Christmas Story Contest winner

I grew up in a large house on a steep hill overlooking a huge lake. In truth, it was a small house on a little knoll overlooking a big puddle. Everything was larger than life as a child in the 60s. So, too, was Christmas.

Our stockings were my dad’s big old wool socks. Every year they held the same treasures; walnuts in the bottom, oranges in the middle and gifts on top. It never got old. I would sit staring at that big, overstuffed sock hoping the day would never end.

Our gifts likely seemed sparse by today’s standards but I have no recollection of ever feeling deprived. One year I got an Easy Bake Oven and I spent an entire year baking cakes under a lightbulb. I was the youngest of five children, so by then, my mom had decided that eating cake all day was an acceptable form of babysitting. To this day, I’ve never received a gift more treasured than that little oven.

I can’t quite put my finger on why some old wool socks and a few scattered gifts would be so paramount in my life. I think perhaps it’s the simplicity of Christmas back in the day. And so, some 60 years later, I desperately try to recreate it. I have an outdoor Nativity scene nestled in a makeshift manger. I still hang the same fragile glass bulbs on our little tree. I try to make a few meals for friends and family to lighten the load in their busy lives. I try to give the little ones more of my time.

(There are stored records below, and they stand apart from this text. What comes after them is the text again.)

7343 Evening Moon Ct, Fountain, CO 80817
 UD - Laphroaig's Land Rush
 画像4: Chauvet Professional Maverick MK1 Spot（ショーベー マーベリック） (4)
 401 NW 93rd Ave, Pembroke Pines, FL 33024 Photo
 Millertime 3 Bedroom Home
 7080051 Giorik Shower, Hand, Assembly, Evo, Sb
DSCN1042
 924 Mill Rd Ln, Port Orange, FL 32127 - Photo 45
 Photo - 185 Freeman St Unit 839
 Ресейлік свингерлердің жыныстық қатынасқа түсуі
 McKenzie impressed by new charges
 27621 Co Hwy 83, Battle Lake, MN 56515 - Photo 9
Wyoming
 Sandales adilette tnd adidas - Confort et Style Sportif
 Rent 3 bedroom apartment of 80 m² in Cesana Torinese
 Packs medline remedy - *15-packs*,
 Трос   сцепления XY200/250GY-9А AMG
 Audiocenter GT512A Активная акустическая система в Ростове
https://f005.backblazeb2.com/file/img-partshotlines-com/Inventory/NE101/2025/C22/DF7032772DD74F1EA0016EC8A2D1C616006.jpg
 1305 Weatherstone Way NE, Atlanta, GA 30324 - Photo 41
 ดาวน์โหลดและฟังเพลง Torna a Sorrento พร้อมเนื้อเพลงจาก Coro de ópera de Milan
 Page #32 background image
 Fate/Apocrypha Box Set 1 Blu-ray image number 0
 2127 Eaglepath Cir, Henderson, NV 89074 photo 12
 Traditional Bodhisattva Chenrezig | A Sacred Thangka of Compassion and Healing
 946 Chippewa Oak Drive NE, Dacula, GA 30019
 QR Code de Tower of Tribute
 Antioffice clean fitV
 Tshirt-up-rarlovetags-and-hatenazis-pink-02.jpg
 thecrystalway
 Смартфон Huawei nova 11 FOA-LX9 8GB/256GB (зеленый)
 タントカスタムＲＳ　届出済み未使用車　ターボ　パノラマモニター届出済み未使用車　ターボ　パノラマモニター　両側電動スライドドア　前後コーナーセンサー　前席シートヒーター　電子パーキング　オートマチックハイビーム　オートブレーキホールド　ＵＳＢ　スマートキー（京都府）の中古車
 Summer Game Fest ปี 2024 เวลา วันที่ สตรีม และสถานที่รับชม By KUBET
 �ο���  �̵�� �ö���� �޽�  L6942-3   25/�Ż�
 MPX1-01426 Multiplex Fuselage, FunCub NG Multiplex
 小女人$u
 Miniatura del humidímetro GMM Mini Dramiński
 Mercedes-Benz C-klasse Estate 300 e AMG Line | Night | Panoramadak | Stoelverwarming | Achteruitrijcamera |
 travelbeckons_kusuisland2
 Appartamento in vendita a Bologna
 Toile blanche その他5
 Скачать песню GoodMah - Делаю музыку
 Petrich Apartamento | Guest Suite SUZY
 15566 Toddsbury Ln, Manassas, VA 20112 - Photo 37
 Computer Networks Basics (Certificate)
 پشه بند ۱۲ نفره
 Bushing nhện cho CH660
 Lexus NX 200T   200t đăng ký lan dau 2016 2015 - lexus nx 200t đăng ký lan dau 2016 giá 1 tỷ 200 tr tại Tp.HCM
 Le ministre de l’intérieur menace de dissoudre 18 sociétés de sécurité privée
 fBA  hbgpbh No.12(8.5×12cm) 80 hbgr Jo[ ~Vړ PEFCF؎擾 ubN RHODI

If my mom was run haggard in those days, I had no clue. She had an enviable way of filling the room with laughter. So, when the season gets a little chaotic, I slip outside and spend a moment alone to reflect on that. I might even have a little chat with Mary and Joseph. It took many years to realize how perfect an imperfect Christmas is. But if I close my eyes, I can still see our quaint little Christmas in the 60s. I can picture my mom and dad and my brothers and sister. I wish now that I’d sat and looked a little longer.

Before long, you blink and it’s all gone, just like the melting snow. On this side of the world or the other, time marches on. So I try my utmost best to make these new memories count. I decorate less, visit more, and love my friends and family. The perfect turkey can wait until another day.